Well, one problem is that our model of P(E|F) gives a lot of
probability mass to giberish. This happens because there are many
more sentences that are not english than those that are. But now
consider running P(E)P(F|E). Here, P(E) helps us select things that
are not gibberish; and then it doesn't matter that P(F|E) assigns lots
of probability mass to gibberish; we throw that out. Since we're
doing an argmax, that's ok.
Picture:
# [ JUNK --]
# [ -- -\]\
# [ [ ]\--]>---[ ]
# [ [ Fr ]---]----[ En ]
# [ [ ]-x-]>---[ ]
# [ x-/]/
Put another way: we have a generative model that overgenerates. How
do we know where it's overgenerating?
Use "alignment" to take care of order and fertility
- consists of connections: eg., \langle2,1\rangle.

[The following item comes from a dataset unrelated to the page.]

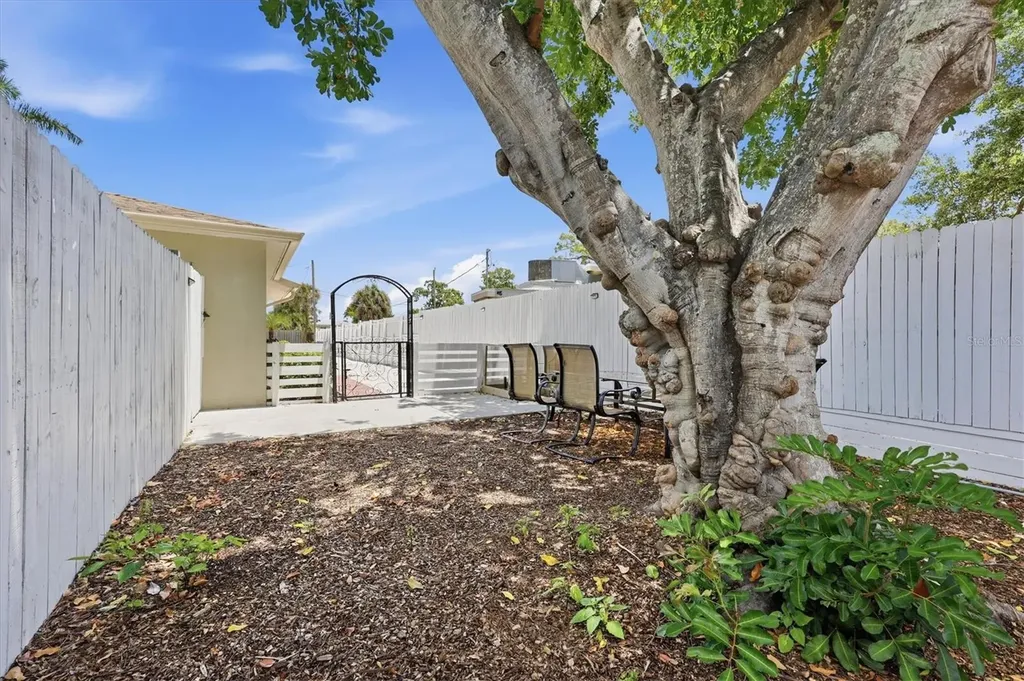 1856 Marbeth Street Sarasota FL 34231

- for an english sentence with length l, and a french target length
m, there are L*m possible connections, so 2^{l*m} possible
alignments.
Generative model (roughly model 1):
1. pick target length
2. pick connections (independantly)
3. for each connection, generate a word (conditional only on the
english word)
cepts = concepts: map via an intermediate generative locus, which
allow us to handle fertility more gracefully. Empty \to empty cept;
multi\to helps us with order.
Adding alignments:
# P(F=f,A=a|E=e)
So to get P(f|e):
# P(f|e) = \sum_aP(f,a|e)
To get P(f,a|e) we can do:
# P(f,a|e) = P(f|a,e)P(a|e)
Note that the length m is hidden in the choice of alignment.
>> Model 1
Limit ourselves to n-to-1 (n\geq0). (n English words to 1 French word,
if we're translating French\to English)
- Add a single {\o} symbol to each French sentence, to generate any
0-to-1 translations.
The following is true (derived from chain rule)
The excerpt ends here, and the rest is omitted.